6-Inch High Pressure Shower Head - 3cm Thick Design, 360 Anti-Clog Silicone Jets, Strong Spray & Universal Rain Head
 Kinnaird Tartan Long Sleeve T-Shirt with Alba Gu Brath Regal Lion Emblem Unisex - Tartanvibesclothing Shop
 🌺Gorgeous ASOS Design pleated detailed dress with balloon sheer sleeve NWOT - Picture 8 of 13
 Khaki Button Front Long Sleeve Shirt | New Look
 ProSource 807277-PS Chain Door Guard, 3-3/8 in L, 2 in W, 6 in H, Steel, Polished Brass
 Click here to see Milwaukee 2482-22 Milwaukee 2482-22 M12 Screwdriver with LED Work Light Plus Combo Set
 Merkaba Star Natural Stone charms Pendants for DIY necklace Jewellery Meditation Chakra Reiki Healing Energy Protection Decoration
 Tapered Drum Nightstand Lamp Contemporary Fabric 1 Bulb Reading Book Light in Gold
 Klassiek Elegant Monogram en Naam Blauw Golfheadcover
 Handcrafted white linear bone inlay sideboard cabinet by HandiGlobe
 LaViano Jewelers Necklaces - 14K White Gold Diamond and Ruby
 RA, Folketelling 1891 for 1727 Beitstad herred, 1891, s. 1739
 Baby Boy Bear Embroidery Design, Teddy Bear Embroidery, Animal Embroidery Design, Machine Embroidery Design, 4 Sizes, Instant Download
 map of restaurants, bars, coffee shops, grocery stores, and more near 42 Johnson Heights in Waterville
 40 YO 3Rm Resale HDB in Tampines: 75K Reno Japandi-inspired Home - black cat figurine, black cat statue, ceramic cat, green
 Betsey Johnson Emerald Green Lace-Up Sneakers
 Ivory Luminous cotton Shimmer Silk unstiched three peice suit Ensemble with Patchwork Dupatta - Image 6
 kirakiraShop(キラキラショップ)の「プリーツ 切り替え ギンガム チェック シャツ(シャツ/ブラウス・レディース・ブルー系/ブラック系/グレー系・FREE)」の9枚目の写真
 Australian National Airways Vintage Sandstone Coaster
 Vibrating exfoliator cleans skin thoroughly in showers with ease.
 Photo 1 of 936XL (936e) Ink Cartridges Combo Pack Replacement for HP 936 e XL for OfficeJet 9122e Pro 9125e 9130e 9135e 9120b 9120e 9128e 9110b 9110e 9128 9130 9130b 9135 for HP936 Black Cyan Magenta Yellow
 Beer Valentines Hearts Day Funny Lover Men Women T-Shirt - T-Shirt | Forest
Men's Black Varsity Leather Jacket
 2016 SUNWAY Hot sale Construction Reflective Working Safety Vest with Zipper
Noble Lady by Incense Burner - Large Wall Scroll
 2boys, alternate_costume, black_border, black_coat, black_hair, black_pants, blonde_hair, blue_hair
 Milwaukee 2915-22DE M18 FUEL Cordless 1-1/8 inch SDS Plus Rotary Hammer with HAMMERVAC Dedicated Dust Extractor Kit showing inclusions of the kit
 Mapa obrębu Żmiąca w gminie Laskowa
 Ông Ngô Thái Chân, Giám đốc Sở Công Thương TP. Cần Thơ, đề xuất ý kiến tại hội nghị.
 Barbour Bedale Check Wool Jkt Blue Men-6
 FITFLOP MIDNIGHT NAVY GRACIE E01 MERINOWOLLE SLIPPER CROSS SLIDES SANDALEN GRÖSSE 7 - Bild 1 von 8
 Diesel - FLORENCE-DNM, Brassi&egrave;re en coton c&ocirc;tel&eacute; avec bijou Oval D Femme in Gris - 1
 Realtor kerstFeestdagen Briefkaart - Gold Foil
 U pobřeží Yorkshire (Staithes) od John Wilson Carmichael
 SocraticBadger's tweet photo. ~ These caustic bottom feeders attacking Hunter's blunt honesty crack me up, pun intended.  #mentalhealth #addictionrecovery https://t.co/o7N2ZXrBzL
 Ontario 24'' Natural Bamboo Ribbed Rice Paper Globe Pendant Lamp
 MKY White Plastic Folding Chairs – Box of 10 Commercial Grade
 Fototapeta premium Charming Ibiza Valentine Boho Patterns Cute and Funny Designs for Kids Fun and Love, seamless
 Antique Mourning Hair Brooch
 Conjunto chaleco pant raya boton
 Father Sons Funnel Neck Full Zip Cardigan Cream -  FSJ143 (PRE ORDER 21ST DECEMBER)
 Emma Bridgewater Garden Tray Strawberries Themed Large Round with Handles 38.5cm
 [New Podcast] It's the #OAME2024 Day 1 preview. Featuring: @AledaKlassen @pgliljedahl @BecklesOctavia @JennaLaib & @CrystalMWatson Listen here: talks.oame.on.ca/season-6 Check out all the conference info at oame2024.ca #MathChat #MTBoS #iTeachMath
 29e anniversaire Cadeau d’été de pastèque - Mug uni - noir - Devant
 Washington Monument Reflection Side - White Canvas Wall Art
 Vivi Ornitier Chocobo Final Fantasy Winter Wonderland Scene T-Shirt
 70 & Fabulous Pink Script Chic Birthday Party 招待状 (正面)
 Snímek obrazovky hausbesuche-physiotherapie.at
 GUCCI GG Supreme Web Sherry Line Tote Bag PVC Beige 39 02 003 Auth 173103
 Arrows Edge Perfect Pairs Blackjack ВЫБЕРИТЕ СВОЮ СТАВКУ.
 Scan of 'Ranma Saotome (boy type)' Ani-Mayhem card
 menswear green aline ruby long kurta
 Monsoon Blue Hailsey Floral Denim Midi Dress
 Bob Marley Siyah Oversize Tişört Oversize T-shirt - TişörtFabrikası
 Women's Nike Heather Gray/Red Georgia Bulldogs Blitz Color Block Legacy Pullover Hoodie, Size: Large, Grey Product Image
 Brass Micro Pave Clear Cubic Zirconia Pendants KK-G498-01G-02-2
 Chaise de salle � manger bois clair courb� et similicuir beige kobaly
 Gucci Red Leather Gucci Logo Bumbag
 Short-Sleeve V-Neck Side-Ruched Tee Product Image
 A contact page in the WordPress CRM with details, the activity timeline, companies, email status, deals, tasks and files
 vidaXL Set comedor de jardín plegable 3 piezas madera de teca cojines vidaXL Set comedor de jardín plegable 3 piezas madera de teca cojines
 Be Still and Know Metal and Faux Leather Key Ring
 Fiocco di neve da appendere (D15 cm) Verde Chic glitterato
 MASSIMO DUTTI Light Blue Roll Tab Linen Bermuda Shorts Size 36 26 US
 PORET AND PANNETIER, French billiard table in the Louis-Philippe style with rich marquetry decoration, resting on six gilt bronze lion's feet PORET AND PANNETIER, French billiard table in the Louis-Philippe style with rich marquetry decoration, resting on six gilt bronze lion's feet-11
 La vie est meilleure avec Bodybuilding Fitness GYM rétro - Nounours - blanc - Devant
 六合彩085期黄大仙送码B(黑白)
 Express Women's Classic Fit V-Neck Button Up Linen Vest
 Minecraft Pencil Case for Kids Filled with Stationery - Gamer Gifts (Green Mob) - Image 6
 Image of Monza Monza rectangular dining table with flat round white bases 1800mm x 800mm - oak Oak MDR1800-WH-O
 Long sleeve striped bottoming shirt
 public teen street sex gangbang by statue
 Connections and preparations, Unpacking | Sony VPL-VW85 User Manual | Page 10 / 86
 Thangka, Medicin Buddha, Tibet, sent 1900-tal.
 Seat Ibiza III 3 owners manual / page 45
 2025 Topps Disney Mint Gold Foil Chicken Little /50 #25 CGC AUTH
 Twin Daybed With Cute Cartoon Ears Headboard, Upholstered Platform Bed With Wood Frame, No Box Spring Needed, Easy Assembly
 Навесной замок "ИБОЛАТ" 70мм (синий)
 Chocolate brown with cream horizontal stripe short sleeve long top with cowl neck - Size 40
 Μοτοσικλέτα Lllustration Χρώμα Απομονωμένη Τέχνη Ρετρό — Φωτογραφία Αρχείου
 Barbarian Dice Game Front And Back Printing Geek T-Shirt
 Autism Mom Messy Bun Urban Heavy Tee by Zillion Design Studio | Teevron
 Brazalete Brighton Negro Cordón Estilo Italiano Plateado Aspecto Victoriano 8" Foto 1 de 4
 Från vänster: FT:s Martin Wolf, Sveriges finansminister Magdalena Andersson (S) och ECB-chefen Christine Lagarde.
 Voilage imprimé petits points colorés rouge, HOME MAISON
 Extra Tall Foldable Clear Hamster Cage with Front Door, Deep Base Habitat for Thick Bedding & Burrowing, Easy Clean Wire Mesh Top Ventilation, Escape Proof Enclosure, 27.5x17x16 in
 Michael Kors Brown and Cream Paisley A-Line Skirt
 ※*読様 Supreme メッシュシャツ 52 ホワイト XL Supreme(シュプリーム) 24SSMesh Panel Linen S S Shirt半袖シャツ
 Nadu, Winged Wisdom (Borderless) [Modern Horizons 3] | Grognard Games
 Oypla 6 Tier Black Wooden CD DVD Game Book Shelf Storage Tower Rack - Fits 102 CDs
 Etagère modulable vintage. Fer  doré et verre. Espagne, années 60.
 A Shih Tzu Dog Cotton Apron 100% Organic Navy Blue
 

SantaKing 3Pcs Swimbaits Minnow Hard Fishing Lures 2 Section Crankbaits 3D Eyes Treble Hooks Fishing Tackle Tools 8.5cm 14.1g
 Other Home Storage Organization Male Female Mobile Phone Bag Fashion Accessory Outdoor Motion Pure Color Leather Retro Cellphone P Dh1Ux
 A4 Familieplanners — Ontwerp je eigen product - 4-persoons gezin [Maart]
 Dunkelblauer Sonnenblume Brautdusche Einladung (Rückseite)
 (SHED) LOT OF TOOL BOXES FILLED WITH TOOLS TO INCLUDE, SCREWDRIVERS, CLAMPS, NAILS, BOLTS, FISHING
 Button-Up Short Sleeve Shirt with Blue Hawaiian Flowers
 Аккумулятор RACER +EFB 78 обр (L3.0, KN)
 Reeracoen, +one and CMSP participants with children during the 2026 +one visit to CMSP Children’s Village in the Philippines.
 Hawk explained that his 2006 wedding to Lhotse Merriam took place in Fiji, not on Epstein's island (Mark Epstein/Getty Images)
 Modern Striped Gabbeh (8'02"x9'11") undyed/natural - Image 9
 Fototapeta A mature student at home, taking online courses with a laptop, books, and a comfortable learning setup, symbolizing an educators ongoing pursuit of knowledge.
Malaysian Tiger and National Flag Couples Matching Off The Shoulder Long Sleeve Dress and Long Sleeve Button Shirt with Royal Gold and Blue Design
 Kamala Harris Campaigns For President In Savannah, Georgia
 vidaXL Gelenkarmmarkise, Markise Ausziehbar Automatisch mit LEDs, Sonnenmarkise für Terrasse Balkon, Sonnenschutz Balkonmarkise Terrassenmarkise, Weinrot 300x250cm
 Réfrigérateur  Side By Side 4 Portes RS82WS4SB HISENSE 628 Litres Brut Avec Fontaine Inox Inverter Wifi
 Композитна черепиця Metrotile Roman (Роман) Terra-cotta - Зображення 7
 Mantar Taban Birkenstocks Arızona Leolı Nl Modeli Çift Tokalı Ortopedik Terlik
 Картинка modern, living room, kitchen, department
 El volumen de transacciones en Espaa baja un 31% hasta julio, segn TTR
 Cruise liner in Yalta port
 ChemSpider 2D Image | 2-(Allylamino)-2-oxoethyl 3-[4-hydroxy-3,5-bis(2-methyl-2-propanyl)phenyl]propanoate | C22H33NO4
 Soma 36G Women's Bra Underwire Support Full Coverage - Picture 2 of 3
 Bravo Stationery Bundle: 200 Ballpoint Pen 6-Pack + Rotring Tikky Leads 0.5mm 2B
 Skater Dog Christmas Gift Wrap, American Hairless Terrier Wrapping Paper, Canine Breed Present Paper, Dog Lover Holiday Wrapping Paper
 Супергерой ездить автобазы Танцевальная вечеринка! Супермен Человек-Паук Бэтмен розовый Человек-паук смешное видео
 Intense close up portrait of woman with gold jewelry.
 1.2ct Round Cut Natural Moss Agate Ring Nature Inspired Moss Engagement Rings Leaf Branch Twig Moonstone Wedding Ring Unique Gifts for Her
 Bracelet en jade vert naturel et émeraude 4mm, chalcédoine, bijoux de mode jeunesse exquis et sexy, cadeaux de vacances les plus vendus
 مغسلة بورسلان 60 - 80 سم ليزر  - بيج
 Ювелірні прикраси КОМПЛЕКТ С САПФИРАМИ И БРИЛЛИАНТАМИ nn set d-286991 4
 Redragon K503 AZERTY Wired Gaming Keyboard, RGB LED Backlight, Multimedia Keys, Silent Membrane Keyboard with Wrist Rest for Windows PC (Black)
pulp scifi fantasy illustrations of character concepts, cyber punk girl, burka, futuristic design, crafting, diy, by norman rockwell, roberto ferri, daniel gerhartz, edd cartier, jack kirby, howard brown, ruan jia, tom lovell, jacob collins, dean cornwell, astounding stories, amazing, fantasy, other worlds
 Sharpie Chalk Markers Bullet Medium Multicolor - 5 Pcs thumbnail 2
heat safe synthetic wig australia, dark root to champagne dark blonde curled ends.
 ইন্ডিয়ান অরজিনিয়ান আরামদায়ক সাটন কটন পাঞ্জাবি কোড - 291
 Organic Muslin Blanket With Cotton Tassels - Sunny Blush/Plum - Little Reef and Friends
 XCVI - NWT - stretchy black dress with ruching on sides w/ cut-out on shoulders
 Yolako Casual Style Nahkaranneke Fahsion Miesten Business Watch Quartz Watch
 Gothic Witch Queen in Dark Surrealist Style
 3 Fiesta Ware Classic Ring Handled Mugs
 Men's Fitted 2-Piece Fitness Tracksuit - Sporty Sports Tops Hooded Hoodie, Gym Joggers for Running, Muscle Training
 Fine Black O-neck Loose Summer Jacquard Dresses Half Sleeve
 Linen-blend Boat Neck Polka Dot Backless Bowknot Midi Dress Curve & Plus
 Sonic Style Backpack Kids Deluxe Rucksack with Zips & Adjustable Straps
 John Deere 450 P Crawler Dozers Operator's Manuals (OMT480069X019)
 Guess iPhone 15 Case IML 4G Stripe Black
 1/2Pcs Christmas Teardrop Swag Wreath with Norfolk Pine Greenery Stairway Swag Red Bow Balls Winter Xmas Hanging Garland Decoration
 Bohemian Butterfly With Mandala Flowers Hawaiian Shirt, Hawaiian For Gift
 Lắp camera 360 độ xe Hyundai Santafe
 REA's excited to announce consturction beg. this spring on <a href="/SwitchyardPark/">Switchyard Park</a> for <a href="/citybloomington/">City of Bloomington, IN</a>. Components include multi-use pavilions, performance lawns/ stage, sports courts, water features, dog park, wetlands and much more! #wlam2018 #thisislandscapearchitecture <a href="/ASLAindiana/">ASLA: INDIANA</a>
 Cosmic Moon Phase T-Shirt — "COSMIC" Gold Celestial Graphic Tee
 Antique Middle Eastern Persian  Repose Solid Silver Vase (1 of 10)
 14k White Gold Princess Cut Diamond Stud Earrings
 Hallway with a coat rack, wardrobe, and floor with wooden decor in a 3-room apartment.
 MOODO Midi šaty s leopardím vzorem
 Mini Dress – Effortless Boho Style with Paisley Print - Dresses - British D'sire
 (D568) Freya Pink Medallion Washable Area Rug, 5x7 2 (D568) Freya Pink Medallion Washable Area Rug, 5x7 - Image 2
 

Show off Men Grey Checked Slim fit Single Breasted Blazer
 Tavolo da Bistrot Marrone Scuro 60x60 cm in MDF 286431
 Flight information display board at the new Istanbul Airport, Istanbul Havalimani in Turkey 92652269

*****

ASSIGNED TASK
The required output is every line above from the one with "Short-Sleeve V-Neck Side-Ruched" down to the one with "MASSIMO DUTTI Light", restated word for word, ends included.

ANSWER
 Short-Sleeve V-Neck Side-Ruched Tee Product Image
 A contact page in the WordPress CRM with details, the activity timeline, companies, email status, deals, tasks and files
 vidaXL Set comedor de jardín plegable 3 piezas madera de teca cojines vidaXL Set comedor de jardín plegable 3 piezas madera de teca cojines
 Be Still and Know Metal and Faux Leather Key Ring
 Fiocco di neve da appendere (D15 cm) Verde Chic glitterato
 MASSIMO DUTTI Light Blue Roll Tab Linen Bermuda Shorts Size 36 26 US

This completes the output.